→ **TASK DESCRIPTION**: Could you copy exactly the lines from the one containing "Appletree Boutique 200" through the last line of the records, leaving out every picture?

=== RECORDS FOR THIS EXERCISE ===

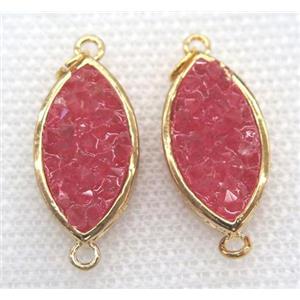 gemstone connector, oval, gold plated, approx 12x20mm [GMPDA5815]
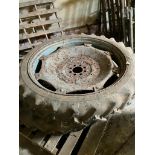 Pair Michelin 9.5-44 row crop wheels and tyres, 8 stud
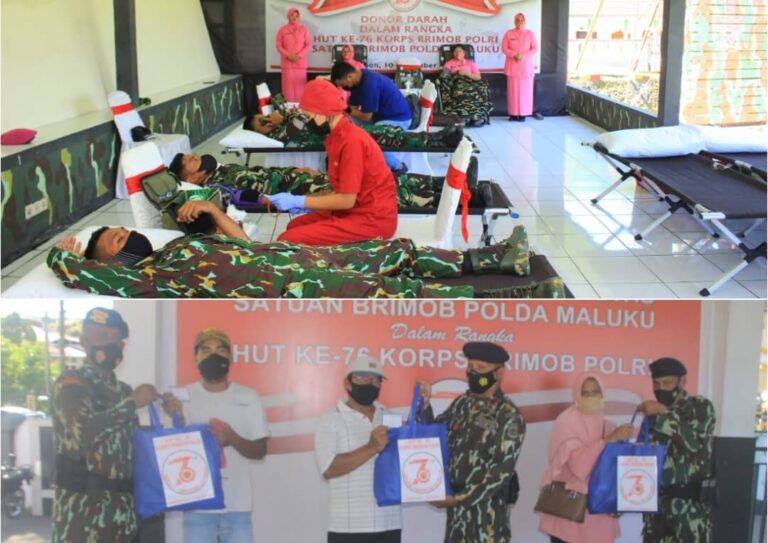 Serbuan Vaksinasi Dan Bagi Sembako Gratis Warnai HUT Ke-76 Korps Brimob Polri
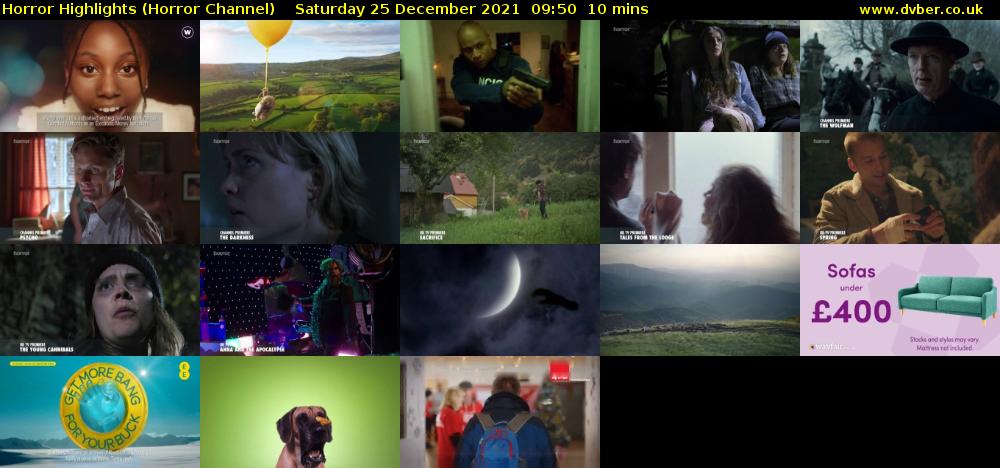 Horror Highlights (Horror Channel) Saturday 25 December 2021 09:50 - 10:00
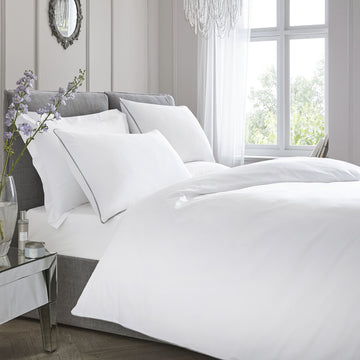 Appletree Boutique 200 Piped Duvet Cover Set - White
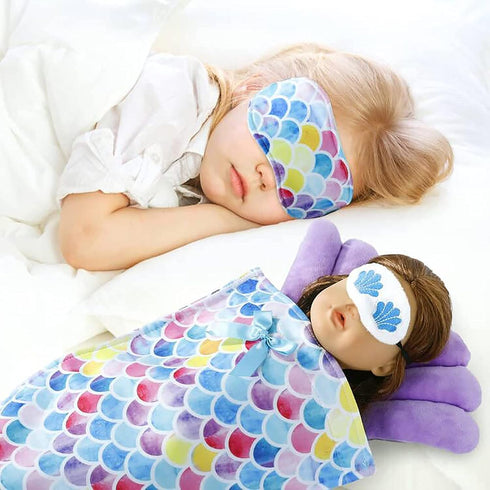 18 Inch Doll Sleeping Bag and Clothes Accessories Set - 18” Doll Clothes Accessories Fits Baby Dolls, 18inch Doll Accessories Include Eye Masks, P...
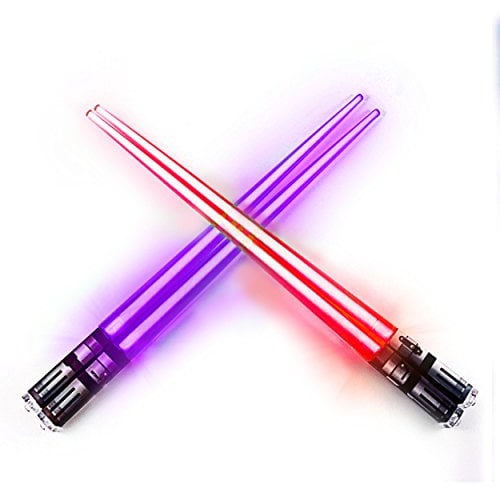 ChopSabers Lightsaber Led Light Up Chopsticks (2-Pairs, Purple & Red)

===

→ **OUTPUT BELOW**:
 Appletree Boutique 200 Piped Duvet Cover Set - White
 18 Inch Doll Sleeping Bag and Clothes Accessories Set - 18” Doll Clothes Accessories Fits Baby Dolls, 18inch Doll Accessories Include Eye Masks, P...
 ChopSabers Lightsaber Led Light Up Chopsticks (2-Pairs, Purple & Red)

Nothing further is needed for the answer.